(Dataset excerpts)
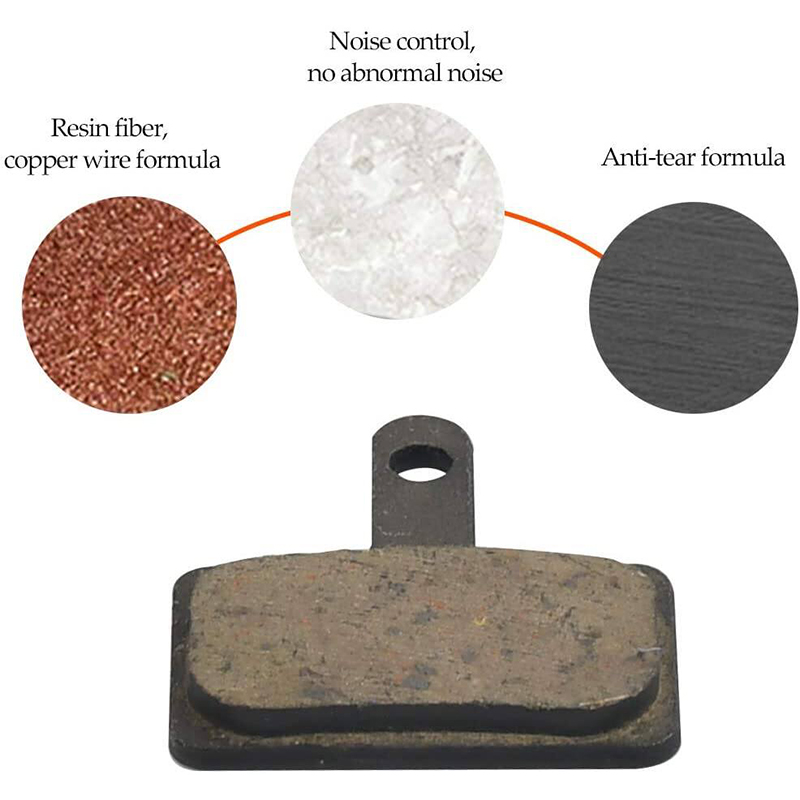 Picture of Bicycle Disc Brake Pads and spring, (4 pcs Pads+2pcs Spring) Oil Brake Shoe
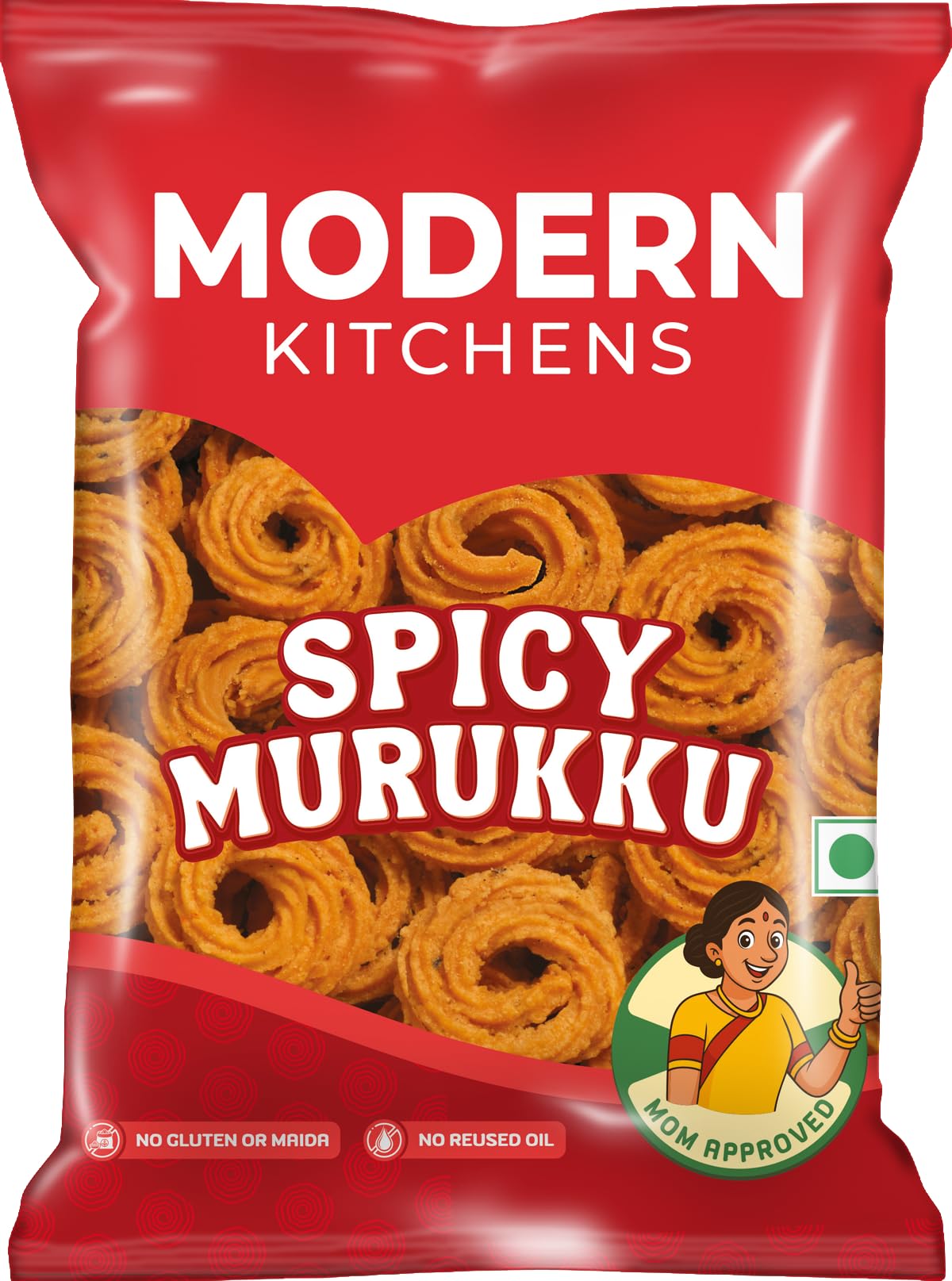 Modern Kitchens Spicy Murukku 150g – Gluten-Free, No Maida, Authentic South Indian Snack, Made with Rice & Urad Dal, Perfect Tea-Time Delight-image-10
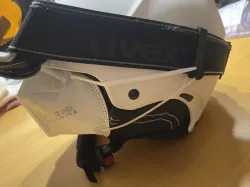 Ski helmet COVID mask holder for ski glasses variant 2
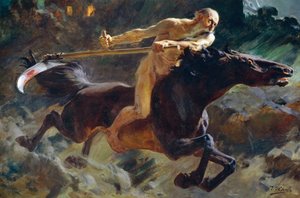 O Cavaleiro do Apocalipse, de Ulpian Checa Sanz (1860-1916)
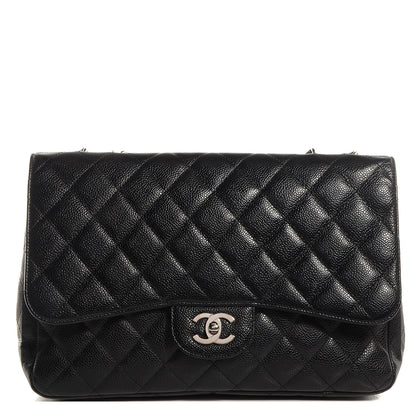 Chanel Caviar Jumbo Single Flap Black 1 of 9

▶ [What to do] With all pictures omitted, return exactly the lines from the one containing "Modern Kitchens Spicy" through the end of the entries above.

▶ [Response for this exercise]
 Modern Kitchens Spicy Murukku 150g – Gluten-Free, No Maida, Authentic South Indian Snack, Made with Rice & Urad Dal, Perfect Tea-Time Delight-image-10
 Ski helmet COVID mask holder for ski glasses variant 2
 O Cavaleiro do Apocalipse, de Ulpian Checa Sanz (1860-1916)
 Chanel Caviar Jumbo Single Flap Black 1 of 9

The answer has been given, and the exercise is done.